AIM OF THE TASK » Please set down each entry exactly, omitting any picture it holds.
═══ DATASET EXTRACT
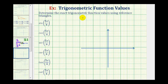We want to determine the exact trigonometric function values using reference triangles. For this example, we want to find these six trig function values for five pi over four radians. We could convert this to degrees, but it's important to learn to work with radians also. So let's leave it in radians, sketch the angle in standard position, form the reference triangle, then determine these six trig function values.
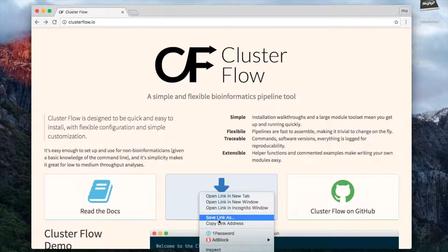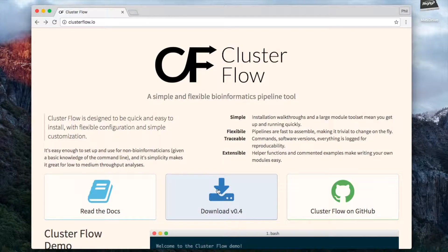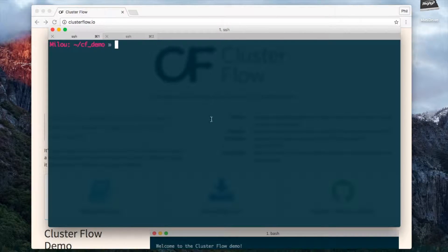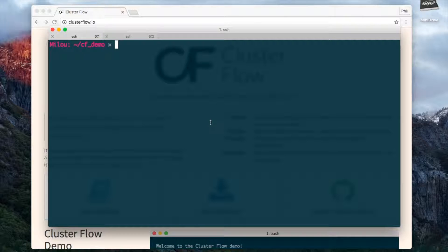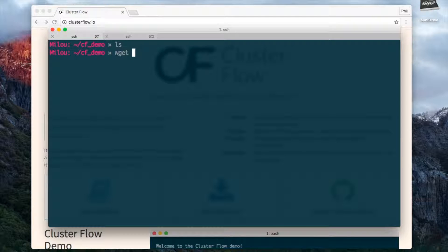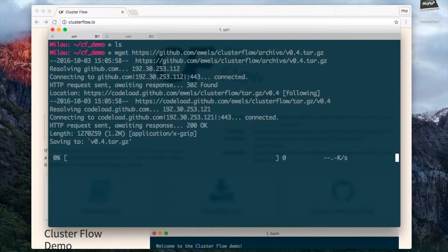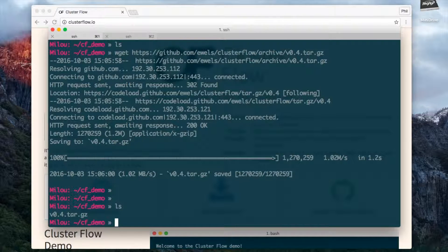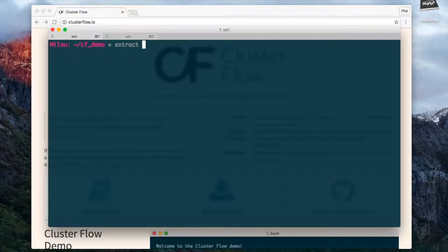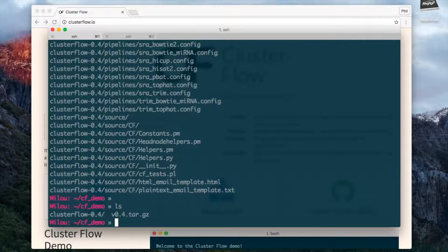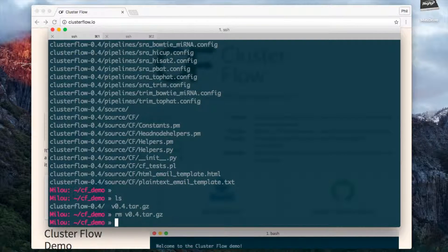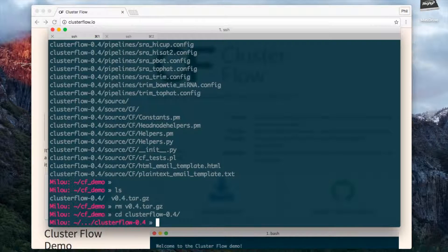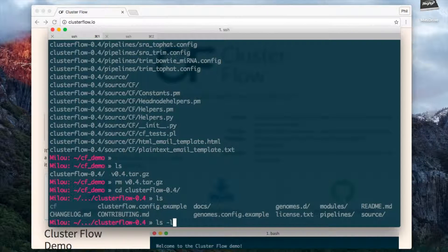I'm going to get the download link here by copying the link address and I'm going to load up my terminal window where I'm running on a Linux slurm cluster. I've created an empty directory for the demo which has nothing here yet, so I'm going to download the files. Now I'm going to extract those files and now I have my directory. I'll remove the tar file and cd into clusterflow and I can see my files here.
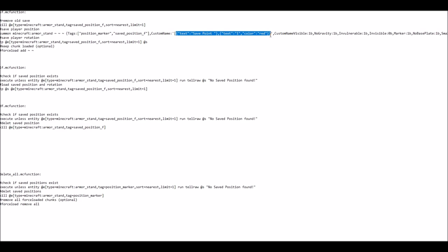And then you might want to also adjust the marker names here all the way through all of the commands. So basically this here is a JSON text, which is displayed when you are looking roughly in the direction of the armor stand and it's in this case made out of two strings. The first string is a simple text with save point and the white space in it.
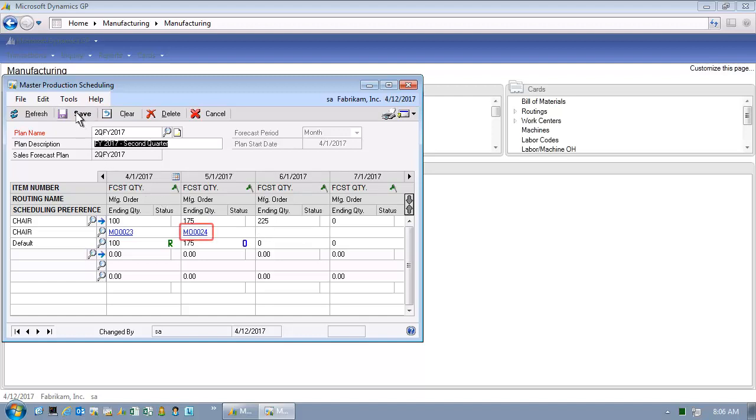As easily as that, we've created a new manufacturing order for 175 units in this particular time period. What we've really done is enabled the user to interact with the system without having to navigate through multiple screens.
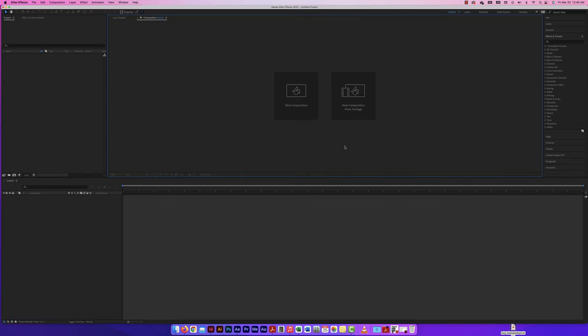What we're going to look at here in Adobe After Effects 2022 is track masking — taking a mask that we already have and having it move over the video. It's going to track a certain motion.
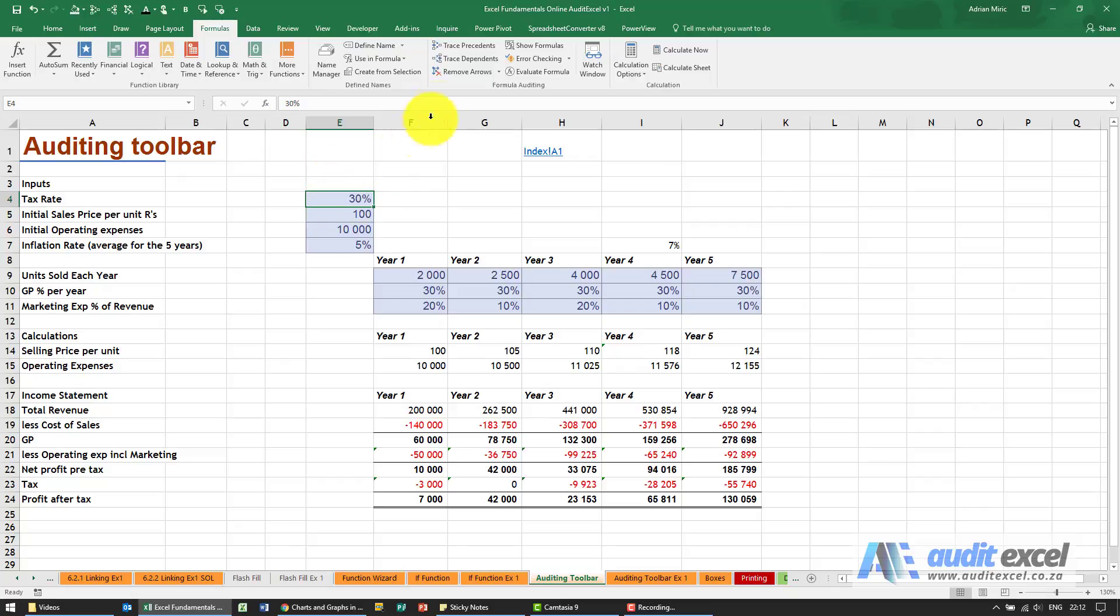There is no precedent, it's just typed in 30 percent. But the question is, who is using the cell?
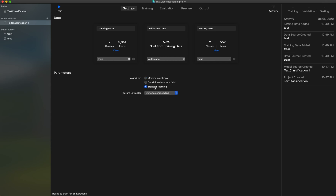At the bottom, there is a Transfer Learning option. Transfer learning means Apple has already created a base model for text classification, and we are going to use that as a base and add our data on top of it, combining both models to create a final model. This gives good performance. Inside the algorithm, I'll select Dynamic Embedding, which understands the context of a complete sentence rather than individual words.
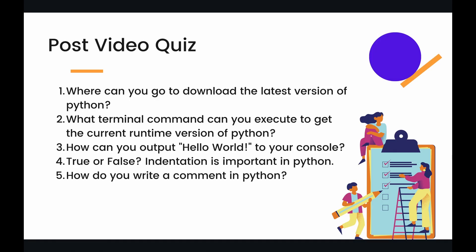If you can answer these questions, you have successfully completed this episode and can feel comfortable moving on to the next one. So question number one, where can you go to download the latest version of Python? Number two, what terminal command can you execute to get the current runtime version of Python? Question three, how can you output Hello World to your console? Number four, true or false, indentation is important in Python. And number five, how do you write a comment in Python?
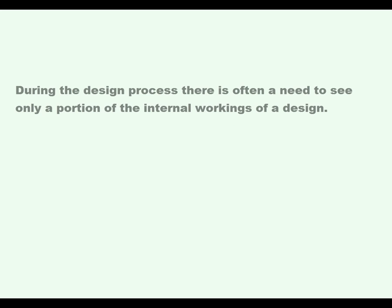This video will cover the 3D Section View feature. During the design process, there is often a need to see only a portion of the internal workings of a design.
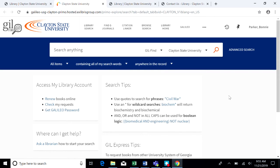Before you continue, make sure that you are logged in to receive better results. If your name doesn't show up in the upper right corner, just click on the sign in link.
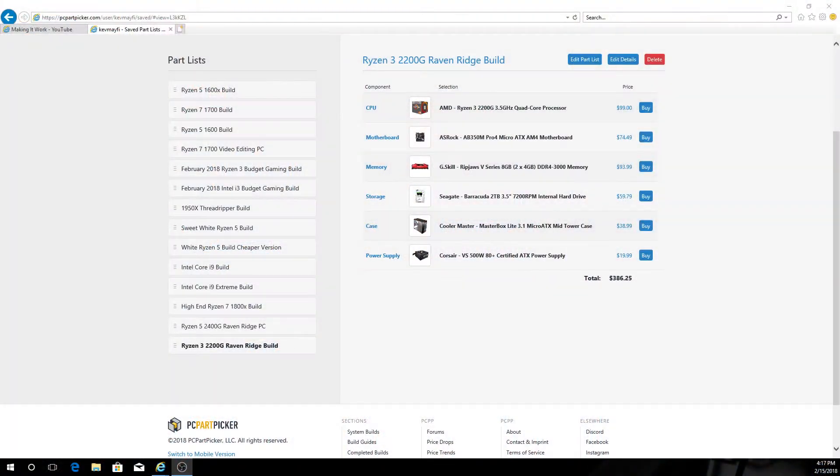I've put together two builds for you today. We're going to look at both the Ryzen 3 2200G and the Ryzen 5 2400G. The Ryzen 3 2200G overall cost is going to be under $400. You can probably get it down closer to about $350 depending if you want to swap a few things out. The Ryzen 5 2400G I've got priced right at $500.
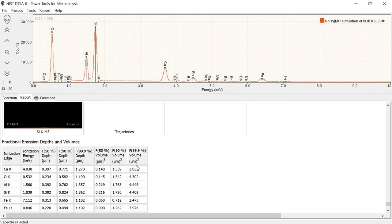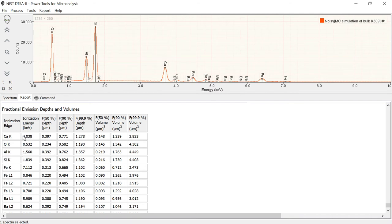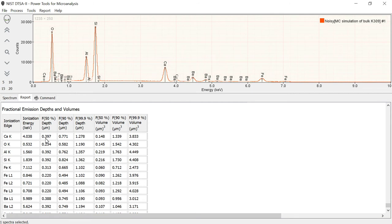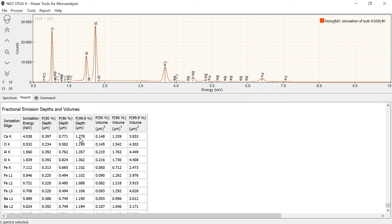We also get some information on fractional emission depths and volumes. So for a specific shell, so calcium K, oxygen K, aluminum K, they have a certain ionization energy. And then this column basically tells you that 50% of the x-rays were generated within about 0.4 microns of the surface. And 90% were generated within 0.77 microns of the surface. And 99.9% were generated within 1.2 microns of the surface. So this tells you that essentially the depth of penetration and the generation of the x-rays was down to 1.2 microns deep in the sample for that particular line. And it varies with lines. The harder x-rays, like the iron K, it might be a little less. For the slightly softer x-rays, it's a little more.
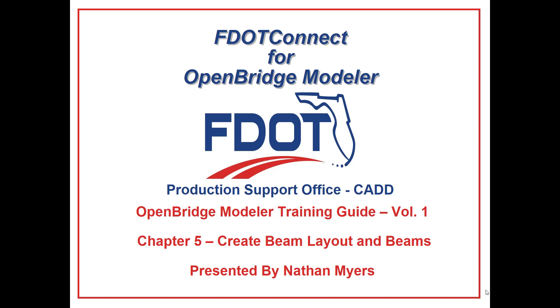Welcome to the CAD Office Training Guide Series for FDOT Connect. I am Nathan Myers, Assistant BIM Technician and Structural Engineer at WSP USA. Today I'll be going through the OpenBridge Modeler Training, Volume 1, Introduction to Model-Centric Design.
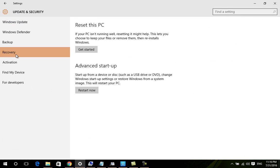From Update and Security, select Recovery, then scroll down and choose Advanced Startup, and click Restart to restart the computer. The computer will restart and take you to the Windows 10 startup options.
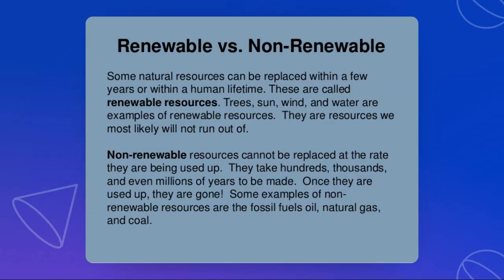Non-renewable resources cannot be replaced at the rate they are being used up. They take hundreds, thousands, and even millions of years to be made. Once they're used up, they're totally gone. Some examples of non-renewable resources are fossil fuel, oil, natural gas, and coal. As a small revision: renewable resources are resources that we can replace within a few years, but non-renewable resources cannot be replaced once they are used up.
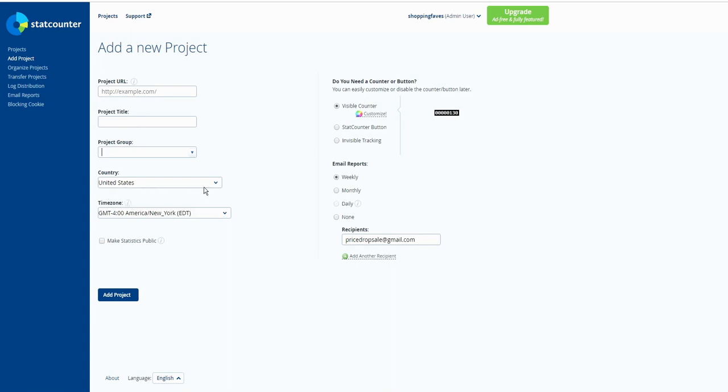Your country, time zone, and does not have to make statistics public. Then you need the counter button. I recommend invisible tracking. Email reports, if you want email reports then you can get it by the email provider here, but I recommend none. I can just log in and find out what is going on and click to add project.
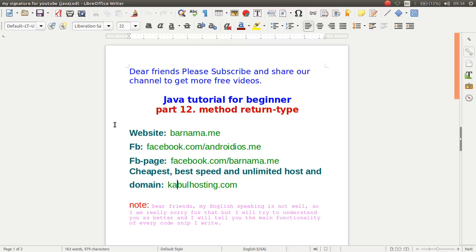Hello dear friends, welcome back to part 11 of Java tutorial for beginner. In this video I will show you how you can work with return type in Java methods.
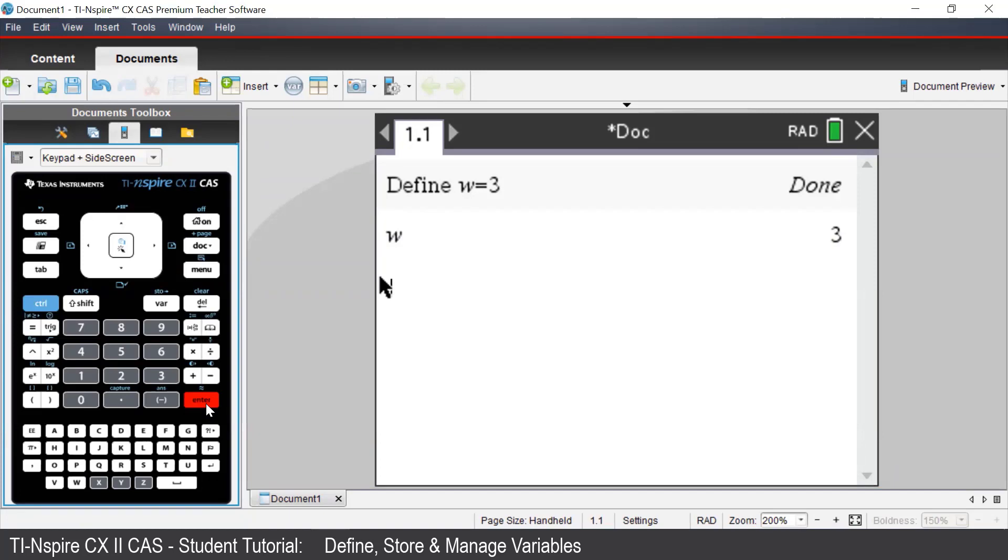If we select another letter, say X, notice how it is not bold. That's because we haven't defined it to be anything. Anything that is defined on the TI-Inspire will appear bold.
══════
REPLY »
We want to determine the exact trigonometric function values using reference triangles. For this example, we want to find these six trig function values for five pi over four radians. We could convert this to degrees, but it's important to learn to work with radians also. So let's leave it in radians, sketch the angle in standard position, form the reference triangle, then determine these six trig function values.
I'm going to get the download link here by copying the link address and I'm going to load up my terminal window where I'm running on a Linux slurm cluster. I've created an empty directory for the demo which has nothing here yet, so I'm going to download the files. Now I'm going to extract those files and now I have my directory. I'll remove the tar file and cd into clusterflow and I can see my files here.
And then you might want to also adjust the marker names here all the way through all of the commands. So basically this here is a JSON text, which is displayed when you are looking roughly in the direction of the armor stand and it's in this case made out of two strings. The first string is a simple text with save point and the white space in it.
As easily as that, we've created a new manufacturing order for 175 units in this particular time period. What we've really done is enabled the user to interact with the system without having to navigate through multiple screens.
What we're going to look at here in Adobe After Effects 2022 is track masking — taking a mask that we already have and having it move over the video. It's going to track a certain motion.
There is no precedent, it's just typed in 30 percent. But the question is, who is using the cell?
At the bottom, there is a Transfer Learning option. Transfer learning means Apple has already created a base model for text classification, and we are going to use that as a base and add our data on top of it, combining both models to create a final model. This gives good performance. Inside the algorithm, I'll select Dynamic Embedding, which understands the context of a complete sentence rather than individual words.
If you can answer these questions, you have successfully completed this episode and can feel comfortable moving on to the next one. So question number one, where can you go to download the latest version of Python? Number two, what terminal command can you execute to get the current runtime version of Python? Question three, how can you output Hello World to your console? Number four, true or false, indentation is important in Python. And number five, how do you write a comment in Python?
This video will cover the 3D Section View feature. During the design process, there is often a need to see only a portion of the internal workings of a design.
Before you continue, make sure that you are logged in to receive better results. If your name doesn't show up in the upper right corner, just click on the sign in link.
I've put together two builds for you today. We're going to look at both the Ryzen 3 2200G and the Ryzen 5 2400G. The Ryzen 3 2200G overall cost is going to be under $400. You can probably get it down closer to about $350 depending if you want to swap a few things out. The Ryzen 5 2400G I've got priced right at $500.
We also get some information on fractional emission depths and volumes. So for a specific shell, so calcium K, oxygen K, aluminum K, they have a certain ionization energy. And then this column basically tells you that 50% of the x-rays were generated within about 0.4 microns of the surface. And 90% were generated within 0.77 microns of the surface. And 99.9% were generated within 1.2 microns of the surface. So this tells you that essentially the depth of penetration and the generation of the x-rays was down to 1.2 microns deep in the sample for that particular line. And it varies with lines. The harder x-rays, like the iron K, it might be a little less. For the slightly softer x-rays, it's a little more.
Welcome to the CAD Office Training Guide Series for FDOT Connect. I am Nathan Myers, Assistant BIM Technician and Structural Engineer at WSP USA. Today I'll be going through the OpenBridge Modeler Training, Volume 1, Introduction to Model-Centric Design.
From Update and Security, select Recovery, then scroll down and choose Advanced Startup, and click Restart to restart the computer. The computer will restart and take you to the Windows 10 startup options.
Non-renewable resources cannot be replaced at the rate they are being used up. They take hundreds, thousands, and even millions of years to be made. Once they're used up, they're totally gone. Some examples of non-renewable resources are fossil fuel, oil, natural gas, and coal. As a small revision: renewable resources are resources that we can replace within a few years, but non-renewable resources cannot be replaced once they are used up.
Your country, time zone, and does not have to make statistics public. Then you need the counter button. I recommend invisible tracking. Email reports, if you want email reports then you can get it by the email provider here, but I recommend none. I can just log in and find out what is going on and click to add project.
Hello dear friends, welcome back to part 11 of Java tutorial for beginner. In this video I will show you how you can work with return type in Java methods.
If we select another letter, say X, notice how it is not bold. That's because we haven't defined it to be anything. Anything that is defined on the TI-Inspire will appear bold.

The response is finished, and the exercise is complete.